Non c’è la penna di C.S. Lewis a ritrarre questo posto. Forse c’è più Bruce Sterling, sicuramente non c’è Edmondo De Amicis. Lungo le linee laterale sono accatastate persone, molte le donne. Com’è possibile che alle tre del mattino ci sia così tanta gente in una vecchia palestra ai confini del mondo.

Si gioca a futsal. Per denaro. Quelli che s’apprestano a scendere in campo, hanno talento, tanto. Basta qualche giocata ed è chiaro che questi operai che hanno appena timbrato il cartellino, sono giocatori veri.

Qualche accidenti della vita li ha portati fino a qui. Viene da chiedersi quanto talento sia rimasto incastrato tra le maglie di una vita nella quale è necessario sopravvivere prima di poter sognare. Queste partite, questo campo rispondono ad una domanda esistenziale: perché l’Argentina crea così tanti talenti?

La risposta è dolorosa: disperazione. Quelli che giocano in queste partite, lo fanno per soldi, per averne abbastanza per sfamare la famiglia. Non si scommette per gioco, si gioca per la vita. I soldi, quelli raccolti da ogni squadra rappresentano il premio al termine dell’incontro.

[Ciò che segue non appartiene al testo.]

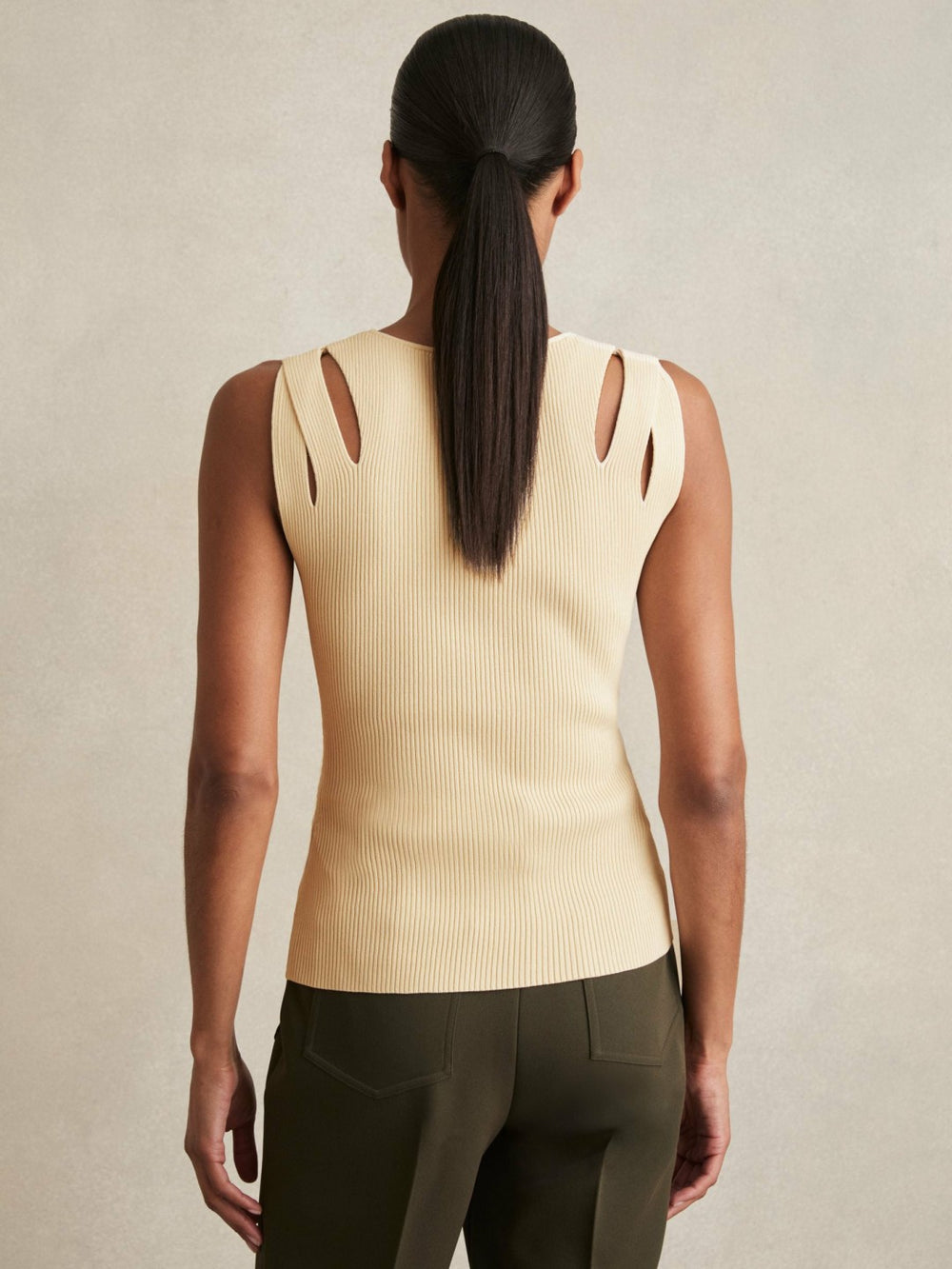 Women Cut-Out Rib-Knit Vest in Cream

Premio distribuito poi nella misura equivalente per ogni giocatore, in rapporto al denaro investito. Non c’è solo in palio il denaro dei giocatori. C’è una fitta trama di scommesse tra i presenti, tutte rigorosamente illegali. In questa, come in tante altre periferie del mondo, il confine tra lecito e illecito rappresenta una differenza che nessuno può davvero permettersi.

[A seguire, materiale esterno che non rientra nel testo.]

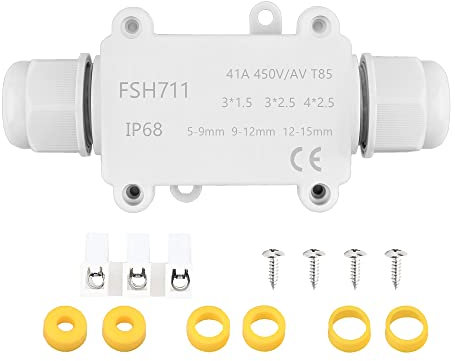 Elezenioc IP68 Waterproof Junction Box, 2 Way outdoor electrical cable connector external weatherproof M20 Gland Wire Connector for 5-15MM Diameter Cable, White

Se vuoi sopravvivere in questo genere di competizioni è meglio che tu sai bravo, davvero bravo. Qui non ci sono medaglie, coriandoli, interviste e coppe. La competizione torna primordiale e proprio per questo è il talento l’unica discriminante. Niente tattiche, niente palestra con attrezzature all’avanguardia. La fabbrica è la loro palestra.

Vincere è un momento di riscatto, l’attimo nel quale quella disperazione si placa o semplicemente smette di gridare così forte. In questo angolo di futuro, incastrato malamente nel presente. Sulle pareti di questo posto si trovano scritte con la vernice più risposte che in un manuale per allenatori o direttori sportivi.

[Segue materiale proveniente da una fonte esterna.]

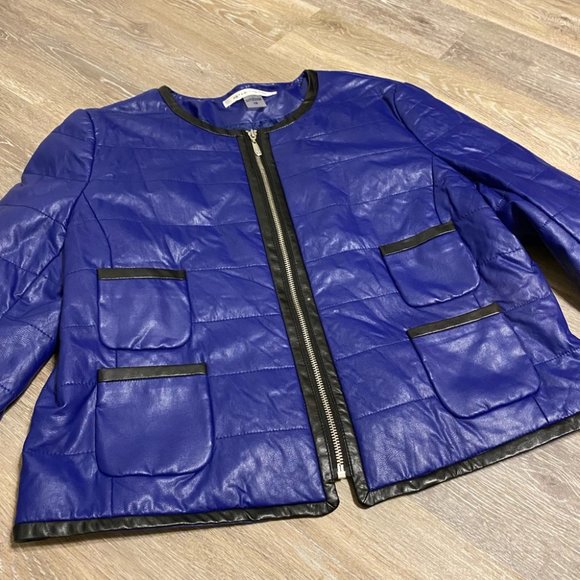 Peter Nygard Blue Faux Leather Jacket - Picture 6 of 10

Quando sei con le spalle al muro, quando non hai nulla, nemmeno un posto in cui tornare puoi solo andare avanti. Perché il rischio dell’ignoto è una minaccia che spaventa meno della povertà. Tra quei muri, s’è fermato più talento di quanto noi ne potremmo mai produrre nelle linde scuole calcio, fatte di diagonali e schemi.

Ancora una volta sono gli ultimi ad essere la salvezza anche sportiva di quelli che si trovano in vetta, quelli in fondo al treno sono la speranza di quelli che occupano le carrozze di testa. Si, come in Le Transperceneige, la graphic novel francese che racconta d’un futuro che forse stiamo già vivendo.